The listing below should be printed in full and exactly, apart from its images.

[Records provided]

---

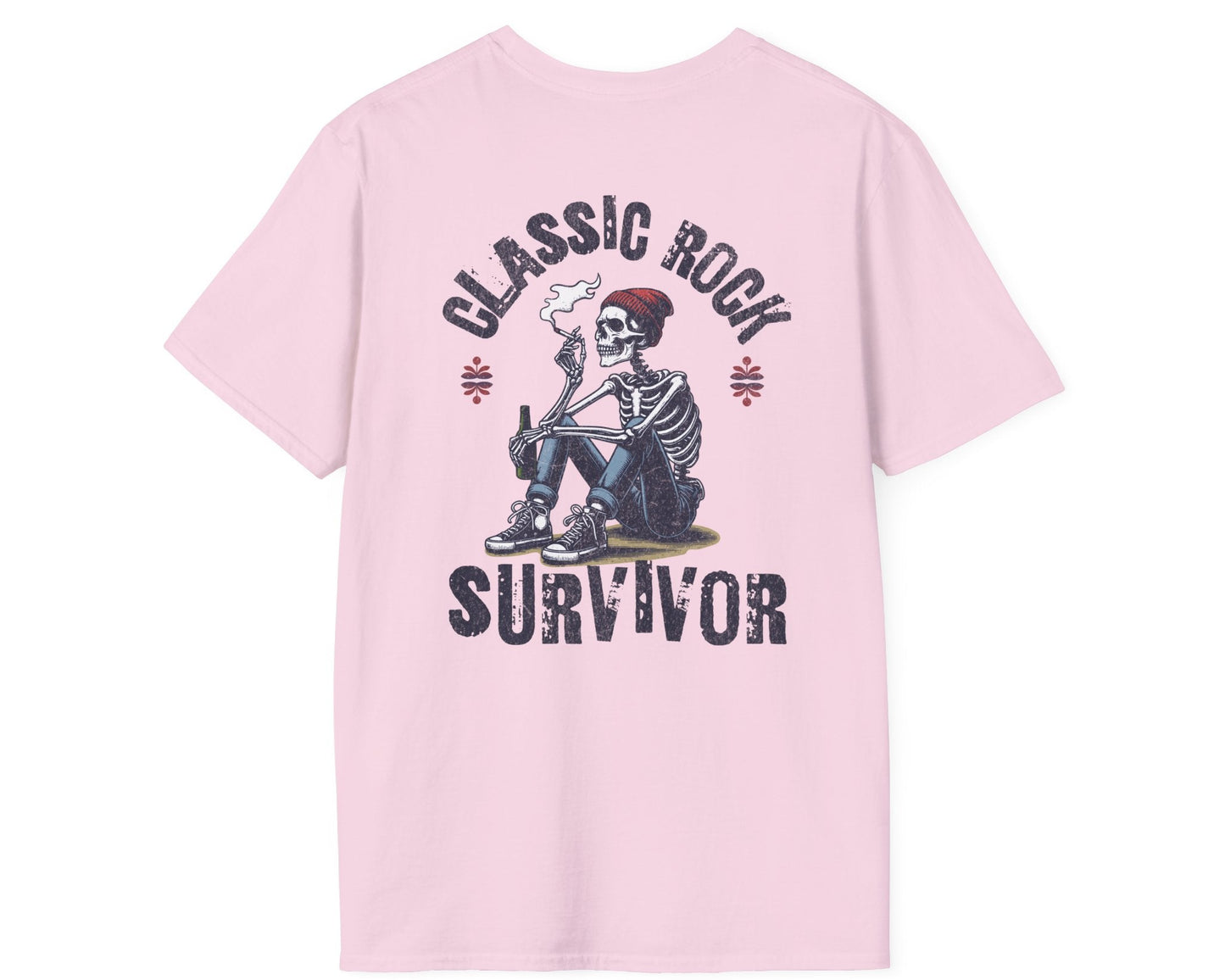 Classic Rock Survivor Skeleton Tee - Back + Pocket-style Design - Gildan Softstyle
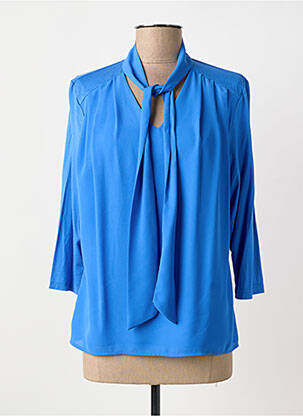 Top coupe cintrée manches longues bleu FRANK WALDER femme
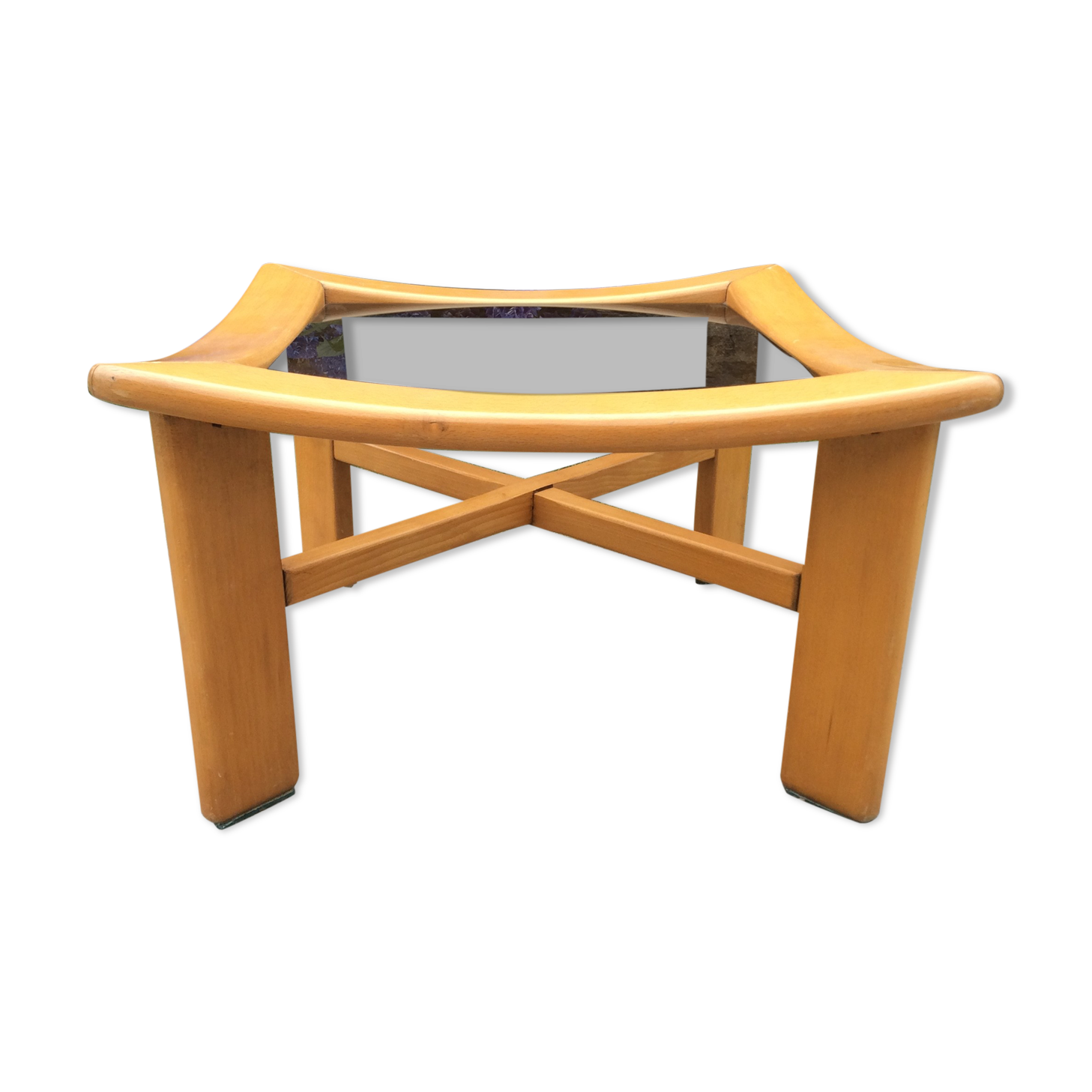 Vintage Scandinavian design coffee table in solid beech.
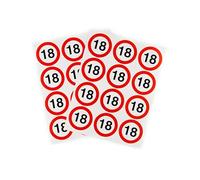Tiwoca 18th birthday decorations - 24 red and white stickers with traffic sign design “18” - unique and unusual birthday decor and funny gift ideas for boys and girls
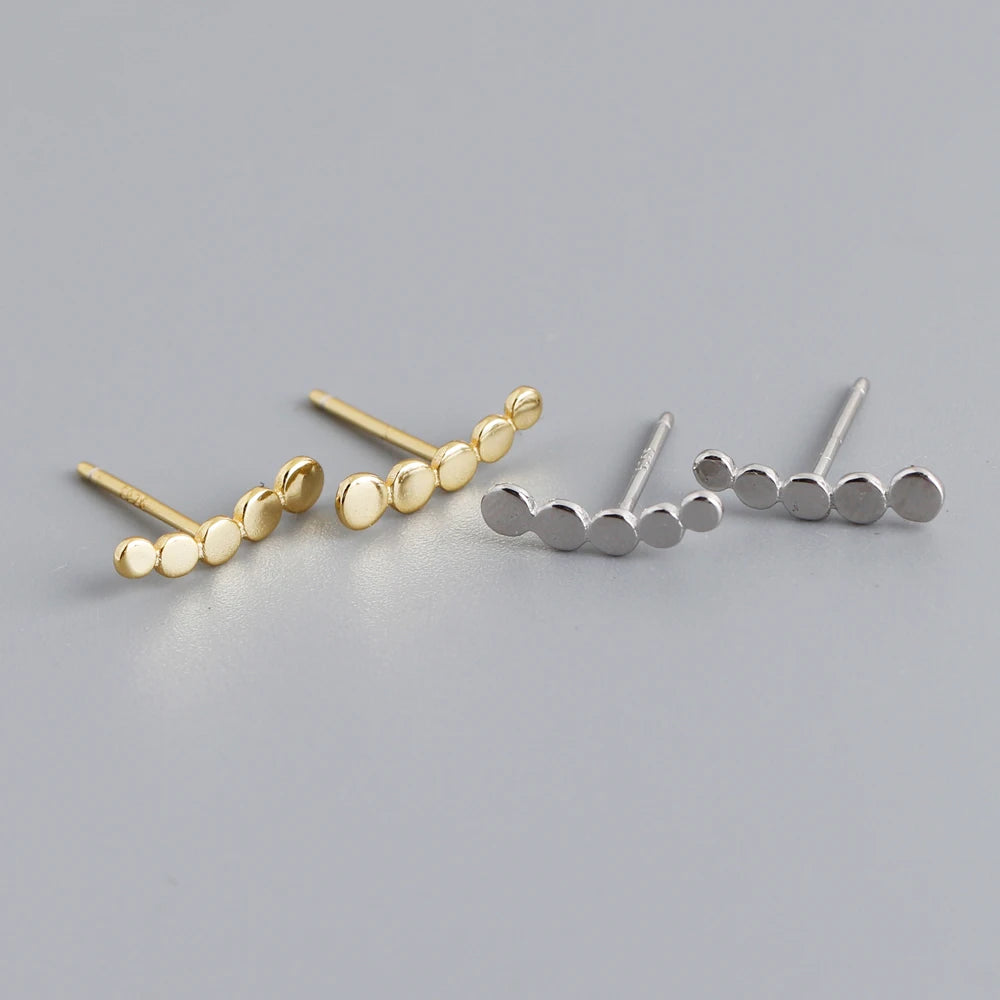 2024 NEW Fashion High Quality Jewelry 925 Sterling Silver Earrings Long Round Stud Earrings Women Gold Plated Jewelry Women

---

[Task answer]
 Classic Rock Survivor Skeleton Tee - Back + Pocket-style Design - Gildan Softstyle
 Top coupe cintrée manches longues bleu FRANK WALDER femme
 Vintage Scandinavian design coffee table in solid beech.
Tiwoca 18th birthday decorations - 24 red and white stickers with traffic sign design “18” - unique and unusual birthday decor and funny gift ideas for boys and girls
 2024 NEW Fashion High Quality Jewelry 925 Sterling Silver Earrings Long Round Stud Earrings Women Gold Plated Jewelry Women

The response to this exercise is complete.